Su pasión por la vida afecta también a sus relaciones amorosas. A pesar de estar casada, siempre se la conocieron amantes, pero sería con Henry Miller, un escritor desconocido en esa época, con quien trabaría una rara e indisoluble relación. La mujer de Miller, June Mansfield, estaba de viaje en París. Cuando June regresa a Nueva York, Anaïs siente una fuerte atracción por ella, que se ve correspondida y se convierten en amantes, transformando su relación en un exitoso triángulo amoroso.
También volvió a encontrarse con su padre, con quien tuvo una relación incestuosa.
A pesar de que sus novelas empezaban a ser reconocidas por público y crítica, ninguna editorial se atrevía con ellas por su alto contenido erótico, por lo que seguían siendo editadas con el propio dinero de la autora.
Junto con Henry Miller, y para sobrellevar una época de penuria económica, llegó a escribir por encargo de un lector anónimo, una serie de cortos relatos eróticos que cobraban a un dólar por página.
Fue la primera mujer occidental y una de las primeras en todo el mundo, que se atrevió a escribir y publicar relatos eróticos, que fueron recogidos primero en su libro “Delta de Venus”, en el que se aprecia una fuerte influencia del antiguo texto hindú Kama sutra, y después en “Pajaritos”. Antes de ella, la literatura erótica escrita por mujeres era muy escasa.
Pero al llegar los años 60, Anaïs se decide a publicar sus “Diarios”. Es en ese momento cuando le llega el éxito por aclamación popular e irrefutable.

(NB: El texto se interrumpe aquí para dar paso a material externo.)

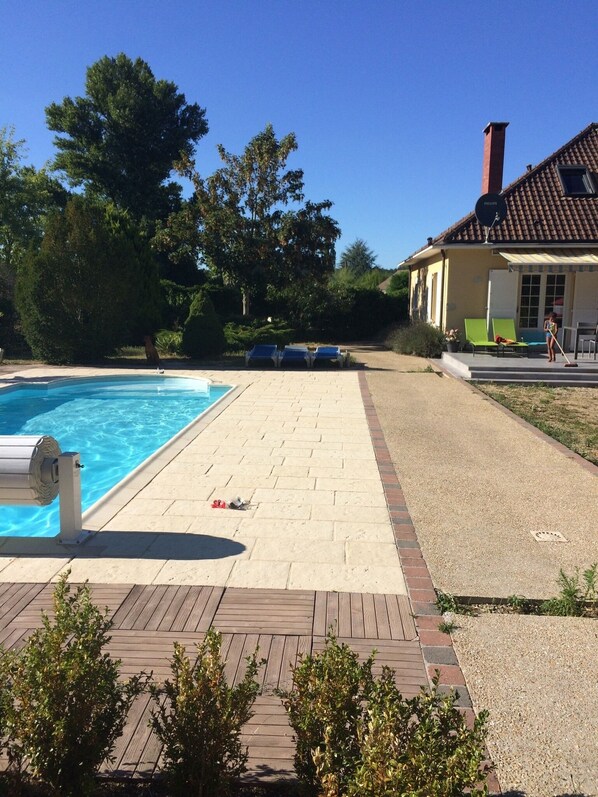 Alberca al aire libre y alberca climatizada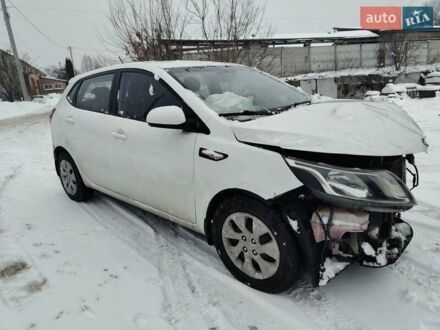 Белый Киа Рио, объемом двигателя 1.59 л и пробегом 185 тыс. км за 4000 $, фото 1 на Automoto.ua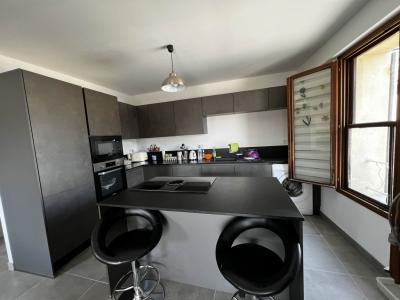 For sale 3 rooms 78 m2 Gard (30800) photo 2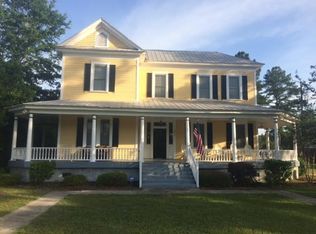 334 Barkley St, Elloree, SC 29047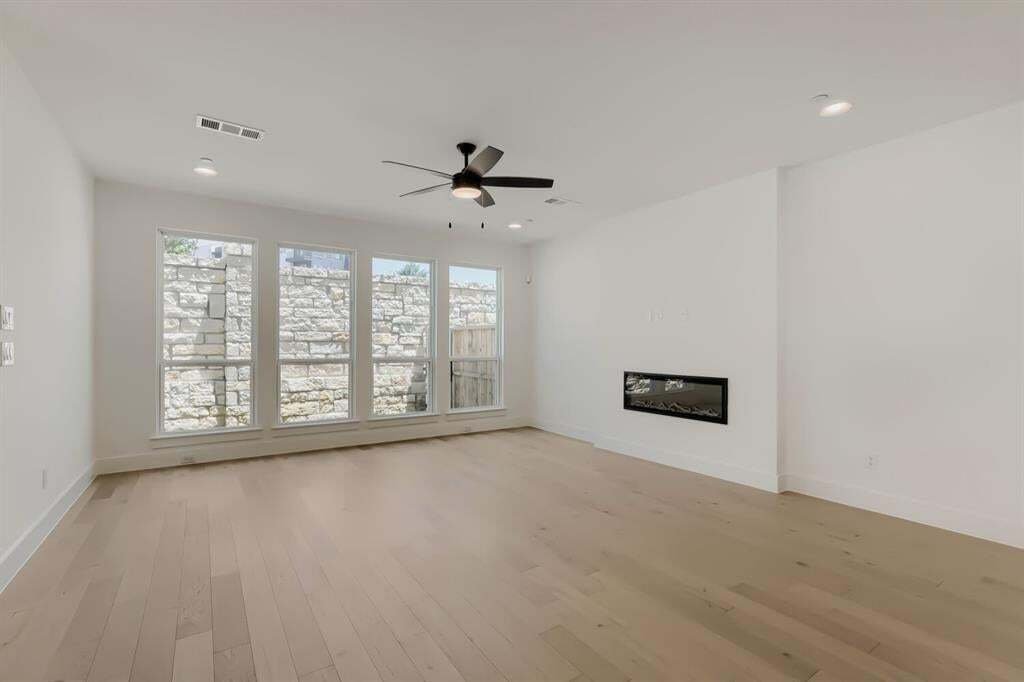 Townhouse in The Colony, Texas, United States 5 - 19164095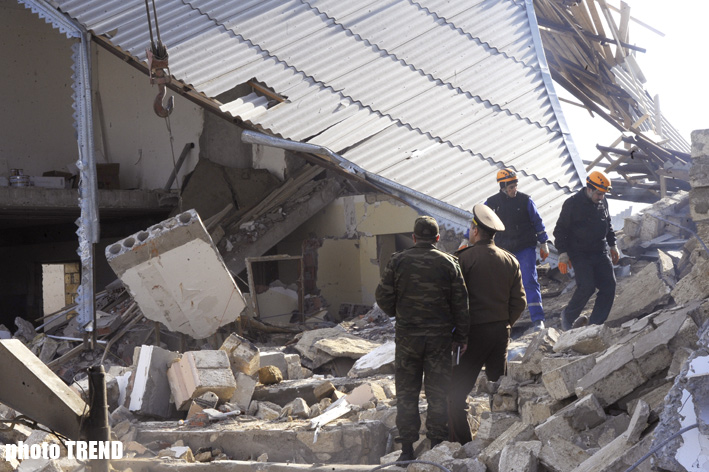 В Баку произошел взрыв, возбуждено уголовное дело - oбновлено (фотосессия)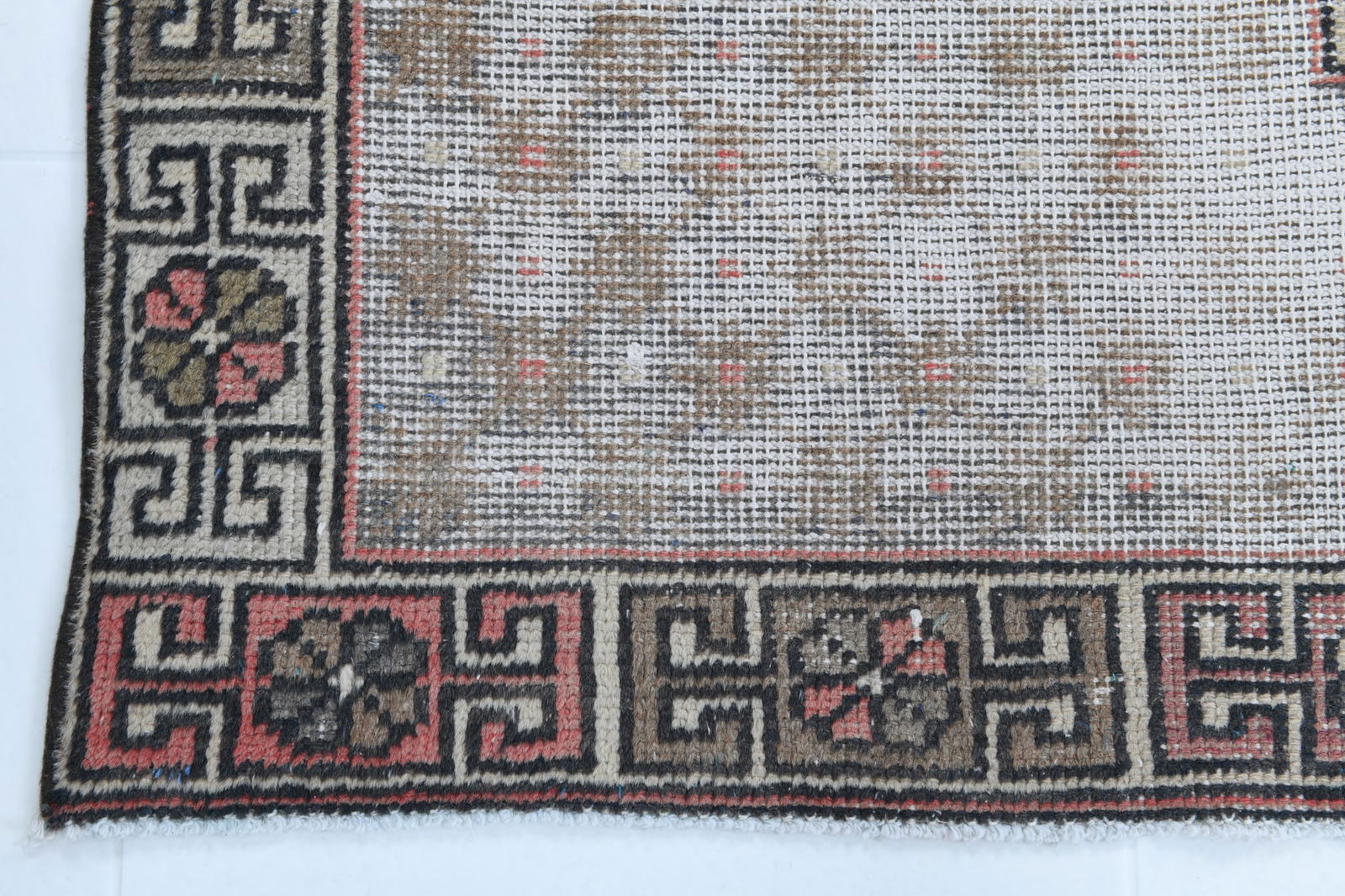 4'2'' x 8'9'' Turkish Rug - 1332 - 10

Su figura y su obra fue entonces reivindicada por las feministas, movimiento en pleno auge y se la considera pionera en el difícil campo la liberación femenina. Esto no quita para que se la reconociera como persona virtuosa y delicada, que mostró al mundo su “yo” más íntimo en sus diarios.

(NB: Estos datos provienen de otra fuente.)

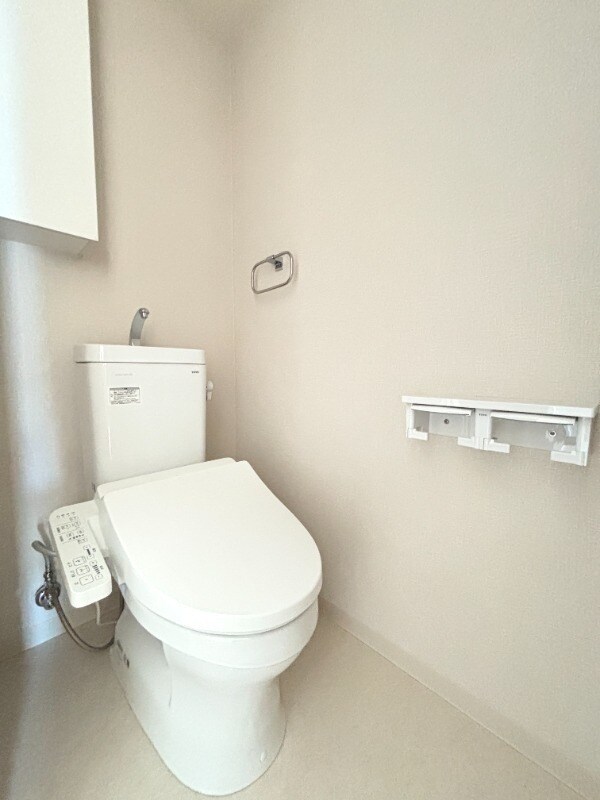 トイレ(同型タイプ)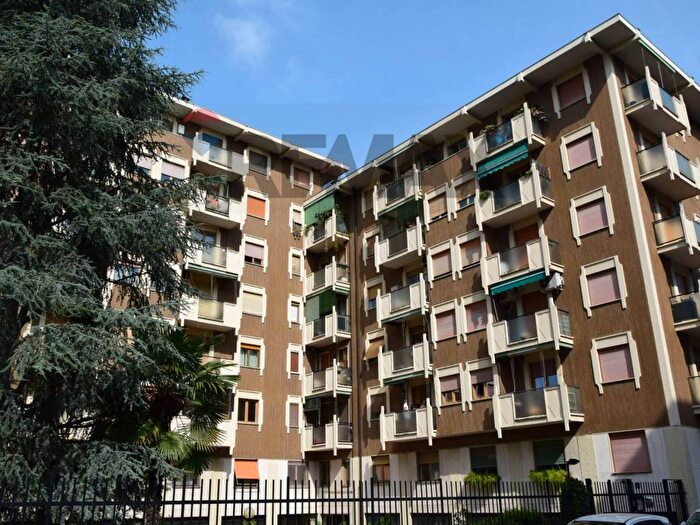 Appartamento bilocale in affitto in Via Lanfranco Della Pila, Niguarda, Milano
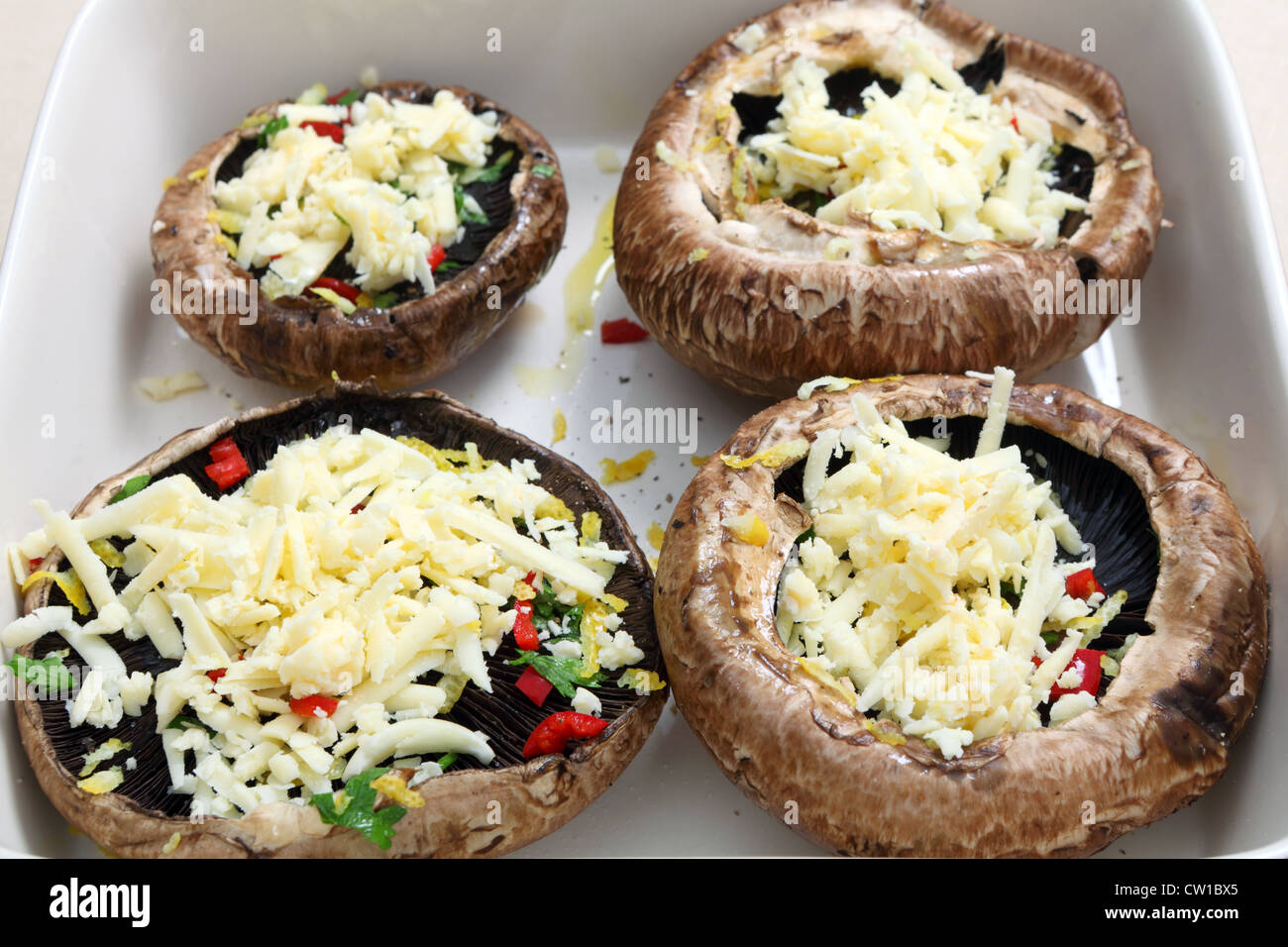 Hongos Portobello rellenos con perejil, ají molido,la cáscara de limón y queso rallado, listo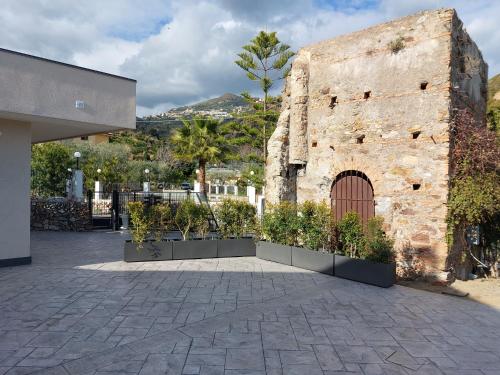 Antico Pozzo in Ali Terme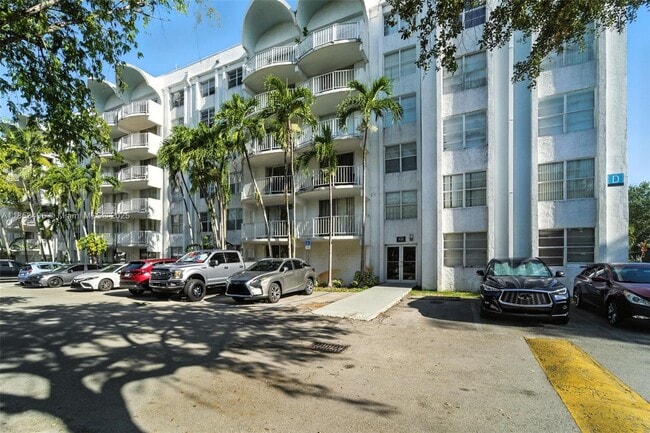 Building Photo - 496 NW 165th St Unit D-211 Rental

Estos “Diarios”, extremadamente sinceros, íntimos y personales, nos hablan de la vida que vivió y de la gente con la que se relacionó. Gente interesante e influyente relacionada con el mundo de la cultura, tanto su faceta literaria, como artística o incluso del campo de la psicológica. En los “Diarios” podemos observar la obsesión compulsiva por su padre, que les abandonó por una mujer más joven. También nos cuenta sin tapujos su vida licenciosa, o cómo estaba dolida por su poca aceptación como escritora en Norteamérica, sintiéndose ella norteamericana. Su diario era su único refugio personal, su único amigo al que hablaba con amor y sinceridad, desvistiendo su alma.
De algunos de estos “Diarios” hay dos versiones, pues en las primeras publicaciones se evita mencionar a determinas personas que aún vivían y podían sentir malestar por ello. Según iban falleciendo estas personas, se publicaban nuevas ediciones incluyendo la parte previamente censurada. Su esposo Hugo, expresó su deseo de no salir en ninguno de sus “Diarios”, por lo que no se le menciona en ningún momento.
Anaïs fue una persona narcisista, lo que la convertía realmente en alguien solitario. Sus amoríos pasaron por todos los posibles tipos de relación, desde el incesto hasta la homosexualidad, ninguna de ellas definitiva y duradera.
Aunque escribió mucho y de manera constante, Anaïs Nin conoció la fama casi al final de su vida. Pocos años después de publicarse sus diarios se la detectó un tumor de ovarios.
Anaïs murió en Los Angeles el 14 de enero de 1977, su cuerpo fue incinerado y sus cenizas fueron esparcidas sobre la Bahía de Santa Monica. Fue una mujer inadaptada, que no quiso o no supo vivir de manera ordinaria.